So what was all the trouble about?
Although resistance to Tesco's planning application for the store first came onto my radar last March, the cause of the confusion manipulated by a disaffected minority was summed up recently by Cambridge Conservative parliamentary candidate Richard Normington, who recently attended a planning meeting in the city convened to determine whether should the council enforce its own planning guidelines.
Why bother with rules if you do not plan on enforcing them? However, the City Council has overruled its own guidelines to the point that the council is treated with ridicule by many of those putting in applications. Did you know that two in every five appeals against the city are successful?Indeed, in the planning meeting last March, "The recommendations from council officers and consultants in every case was that the Council should approve the proposed changes, usually with conditions. Arguments were backed up with reference to Central Government advice, history and the context of the Mill Road area in a 153-page agenda." All but one were refused.
The anti-Tesco cmpaign has been backed up by the city's Liberal Democrat MP David Howarth, who was a witness to an assault on a 66-year-old woman collecting signatures for a petition in favour of Tesco's. To his merit he offered himself to the police as a witness; but although I realise MPs must immerse themselves in all aspects of life in their constituencies, I wonder why he was concentrating on keeping Tesco away from Mill Road while on the same thoroughfare you can buy cannabis seeds, second-hand firearms and hard core pornography, while elsewhere in the city there are problems with drug-taking, prostitution, benefit-ghettoes and drink-fuelled violence at chucking-out time.
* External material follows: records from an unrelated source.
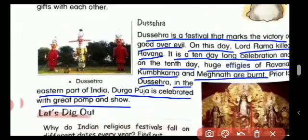Prior to Dussehra, in the eastern part of India, Durga Puja is celebrated with great pomp and show. Dussehra is also known as Vijaya Dashami. It celebrates the victory of good over evil and is one of the longest festivals in the Hindu tradition, celebrated for 10 days starting with the nine nights known as Navratri. The last day is called Vijaya Dashami, when we burn the effigies of Ravan, Kumbhakaran, and Meghnath.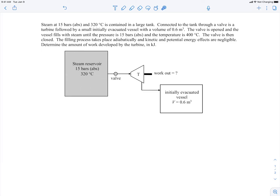In this example, we have steam in a large reservoir with a given pressure and temperature. That steam reservoir is connected via a valve to a turbine, which is connected to an initially evacuated vessel with a given volume. When the valve is opened, steam rushes through the turbine, we get some work out of it, and fills the vessel until the pressure equalizes at 15 bars. The final temperature in the vessel is 400°C. We're asked to find how much work we get out of the turbine during this whole process.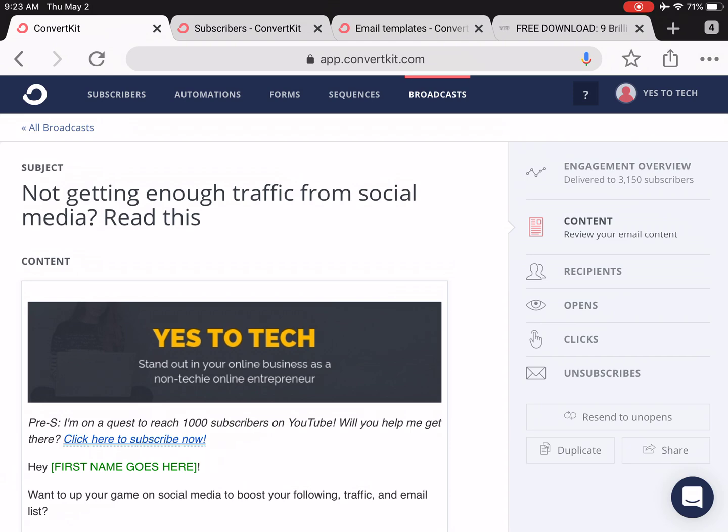If you don't have a ConvertKit account yet, click on the link in the description box below to start your free 30-day trial.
Tesco's, it seems, should be the least of his problems, and the whole situation reflects the risks of mixing with single-issue activists to the exclusion of people who are on the other side of that issue.
There are those who say that Tesco's opening will herald shop closures and job losses. They will, of course, be proven right, because shops have been closing and jobs been lost for some time now - it's called a recession.
Something that may militate in Tesco's favour is the lack of an alcohol licence, in the context of accusations that the outlet - in reality a small shop among small shops - will become another source of cheap booze in an area plagued by problems related to the stuff. A dry Tesco's, I believe, will throw light onto the true source of inexpensive strong lagers and ciders whose brewers are well aware of their target market. They are sold in some of the very independent traders whom the No Mill Road Tesco Campaign affects to protect.
The campaign is, of course, in tatters, a fact recognised by judge Lord Carlisle of Berriew when he threw out Campaign member Richard Rippin's attempt to force a judicial review of the Council's decision-making process: "This application is in reality an attempt to revive the No Mill Road Tesco Campaign under the guise of a Judicial Review claim. It is a misuse of Judicial Review".
On Wednesday morning, Minora phoned me from outside Mill Road Tesco's to report that there were a few Campaign members outside the entrance, flanked by watchful police officers. While Campaign supporters had been quite vociferous when protesting in the Cambridge Folk Festival, these would only give a terse "I can't comment", presumably having been well-warned. It's a sign of the times that pragmatism has won out over ideologically-based censorship, and anybody who doesn't like Tesco's will be free to use any of the meny other shops in Mill Road. That's how free choice works.